My concern over the citations is readability.  APA, for example, is not fun to read for the average person and can be off-putting when the citations interrupt the flow of the text.  I am curious what others have used as I'm sure I can't be the first to write a book that blends anecdote with referential support.  I will see if I can find an example of Mr Frankl's work.


----------



## -xXx- (Jan 17, 2018)

from the above description, an appendix or two might fit the bill.
if a specific body of research seems critical to intersperse with
your text, maybe topic specific references can be cited at the end
of a chapter or section.
i lean toward keyword list following chapter or section that
refers the reader to topic groups in an _Additional Reading_ appendix.

frankl's man's search for meaning
part 1 deals with his analysis of his experience,
part 2 deals with key concepts (logos) within the system (logotherapy)
 that he found success with

there are many books written around that specific book.

do you wish to use this for future academic or professional credentials ?


----------



## velo (Jan 17, 2018)

-xXx- said:


> do you wish to use this for future academic or professional credentials ?

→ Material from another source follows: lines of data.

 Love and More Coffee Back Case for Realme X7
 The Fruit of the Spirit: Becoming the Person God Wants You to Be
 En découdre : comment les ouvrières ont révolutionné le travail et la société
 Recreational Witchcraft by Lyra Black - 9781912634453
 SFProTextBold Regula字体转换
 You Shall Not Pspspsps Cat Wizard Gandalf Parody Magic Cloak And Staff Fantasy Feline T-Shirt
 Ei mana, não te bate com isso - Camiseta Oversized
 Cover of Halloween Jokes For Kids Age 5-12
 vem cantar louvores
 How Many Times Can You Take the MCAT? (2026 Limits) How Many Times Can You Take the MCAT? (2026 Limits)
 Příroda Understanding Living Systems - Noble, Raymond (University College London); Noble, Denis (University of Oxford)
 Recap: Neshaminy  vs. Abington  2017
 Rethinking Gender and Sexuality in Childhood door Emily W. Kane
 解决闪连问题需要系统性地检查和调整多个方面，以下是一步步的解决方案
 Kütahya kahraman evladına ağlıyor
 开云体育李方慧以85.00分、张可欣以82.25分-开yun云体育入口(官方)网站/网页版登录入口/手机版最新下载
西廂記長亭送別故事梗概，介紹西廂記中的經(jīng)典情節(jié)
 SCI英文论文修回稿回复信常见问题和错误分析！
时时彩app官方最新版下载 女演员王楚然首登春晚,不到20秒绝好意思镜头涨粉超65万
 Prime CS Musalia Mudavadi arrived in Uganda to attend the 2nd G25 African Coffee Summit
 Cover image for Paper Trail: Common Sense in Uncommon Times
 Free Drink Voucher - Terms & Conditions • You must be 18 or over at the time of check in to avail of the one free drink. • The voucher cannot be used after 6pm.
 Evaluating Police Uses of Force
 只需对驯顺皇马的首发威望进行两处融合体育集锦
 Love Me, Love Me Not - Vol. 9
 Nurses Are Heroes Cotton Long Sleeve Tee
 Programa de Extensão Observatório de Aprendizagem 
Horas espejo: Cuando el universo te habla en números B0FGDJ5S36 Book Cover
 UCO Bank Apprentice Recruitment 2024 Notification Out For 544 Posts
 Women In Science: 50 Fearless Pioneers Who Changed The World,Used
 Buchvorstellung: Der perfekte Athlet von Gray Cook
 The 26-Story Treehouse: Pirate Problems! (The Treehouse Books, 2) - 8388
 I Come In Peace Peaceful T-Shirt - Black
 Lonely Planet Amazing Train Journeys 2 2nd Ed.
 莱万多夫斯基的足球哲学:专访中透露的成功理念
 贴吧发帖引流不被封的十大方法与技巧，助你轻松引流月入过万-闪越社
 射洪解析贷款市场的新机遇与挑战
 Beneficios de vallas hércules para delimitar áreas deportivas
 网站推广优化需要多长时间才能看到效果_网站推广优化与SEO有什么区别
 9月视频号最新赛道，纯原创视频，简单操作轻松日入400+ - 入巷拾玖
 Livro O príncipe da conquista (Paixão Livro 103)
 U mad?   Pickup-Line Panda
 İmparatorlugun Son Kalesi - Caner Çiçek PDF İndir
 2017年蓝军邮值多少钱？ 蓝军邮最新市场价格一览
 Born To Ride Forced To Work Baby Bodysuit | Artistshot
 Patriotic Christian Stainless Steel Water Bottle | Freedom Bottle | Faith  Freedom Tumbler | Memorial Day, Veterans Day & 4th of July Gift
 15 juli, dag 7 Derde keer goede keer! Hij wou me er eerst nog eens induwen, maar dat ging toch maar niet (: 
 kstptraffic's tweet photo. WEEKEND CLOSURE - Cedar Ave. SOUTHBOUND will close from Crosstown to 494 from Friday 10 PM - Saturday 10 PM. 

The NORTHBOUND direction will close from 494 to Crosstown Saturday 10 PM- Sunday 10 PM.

Not for credentialing, though the research and my experiences will likely play a part in my future academic ventures.  The goal is to have a book that speaks to the average reader in the target audience but also to be scientifically valid enough to be considered an anecdotal resource for future study.  Whether I can achieve that very difficult goal remains to be seen.


----------



## -xXx- (Jan 17, 2018)

of course you can.
there is a certain expertise that comes
solely from experience.

consider "bibliography"
and a convenient way for an intrigued reader
to find relevent material easily.

i wouldn't be surprised if books like yours
don't act as a sort of steering committee
for both peer support and research models.
jussayin'


----------



## velo (Jan 18, 2018)

-xXx- said:


> consider "bibliography"



There will absolutely be a references page or bibliography. 

I've been playing for a couple days and I think what I will do is somewhat heretical to my way of thinking but it's my book, not something I'm submitting for academic review.   

I think I'll use Chicago style endnote notation (footnotes won't really work for e-readers and the like) while the actual references will be formatted in APA because of the subject matter.  

Example-

"If the child’s desires and thoughts are dismissed or rebuked, the child internalises that as being that they are not worthy as a person[SUP]7[/SUP]."

7 Cabaniss, D., Cherry, S., Douglas, C., & Graver, A. (2013). _Psychodynamic Formulation_. New York: Columbia University Press.


----------